更に紙は透過背景ではないので、自分で切り抜きをしないといけない。それがめんどくさかった。切り抜く方法はいくらでもあるんだが、自動的に線の境界を判定して切り抜くと、線がツルッとしたりガサガサっとしてたりする。オイラが描いた手書きのイラストを良いねと思ってもらったのに、いざグッズにしたら風合いが違うというのは、なんかイヤだった。だもんで消しゴムツールでチマチマチマチマ消していった。
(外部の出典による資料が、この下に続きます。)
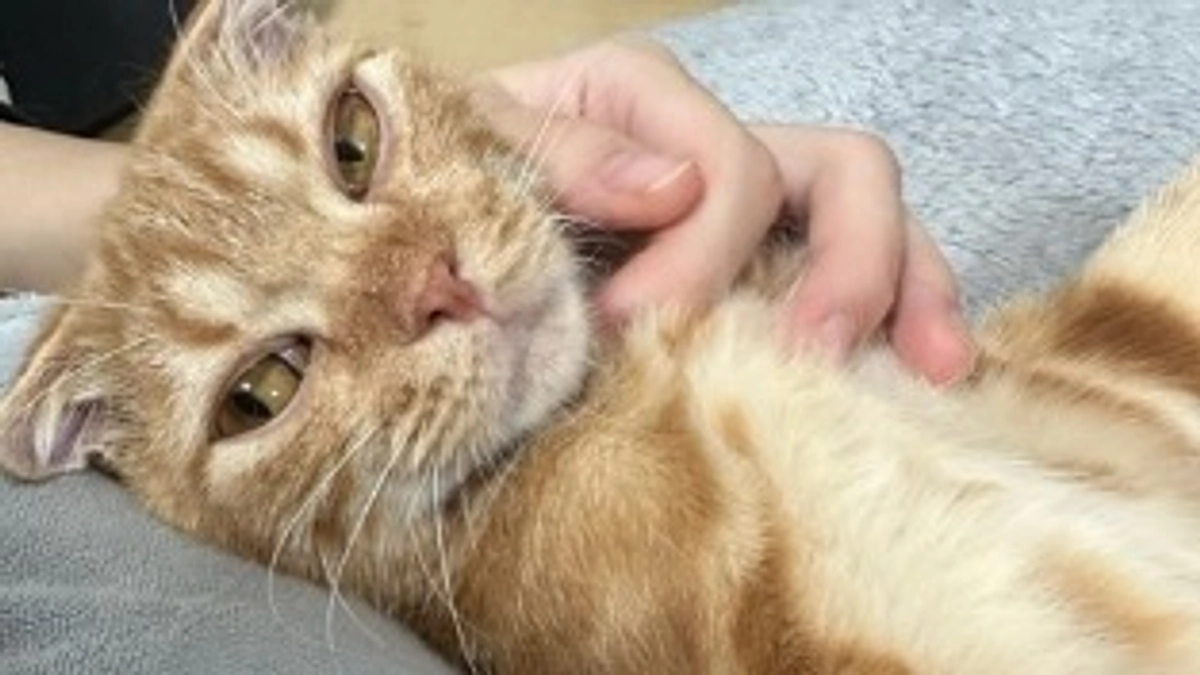 可愛すぎるふう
グッズがある程度出来てからも困った。自分が描いた絵は大きくてもはがきサイズ、小さいものだと付箋サイズ。それを写真に収めてイラストデータにしてグッズにするわけだ。ではそのグッズに印刷されたイラストは、どの程度の解像度になっているのか?それが分からなかった。SUZURIのサイトでプレビューを眺めることはできるが、グッズの実寸を見ることは出来ないので、イラストが引き伸ばされてガビガビになっていたりしたら困ると思った。だもんでショップを開く前に幾つか自分でグッズを買い、絵のサイズを確認し、その後修正したものもある。大きく印刷する分には大丈夫だが、小さく印刷するのはよく考えた方がいいことが分かった。
……ここまで描いておいてなんだけど、こんなことはおそらくイラストレーターさんやデザイナーさんは知ってて当然というか、「犬には『いぬ』という名前が付いている」くらい常識レベルの話なんじゃないかと思う。しかしオイラはそれを全く知らなかったので、なかなか困ったのだった。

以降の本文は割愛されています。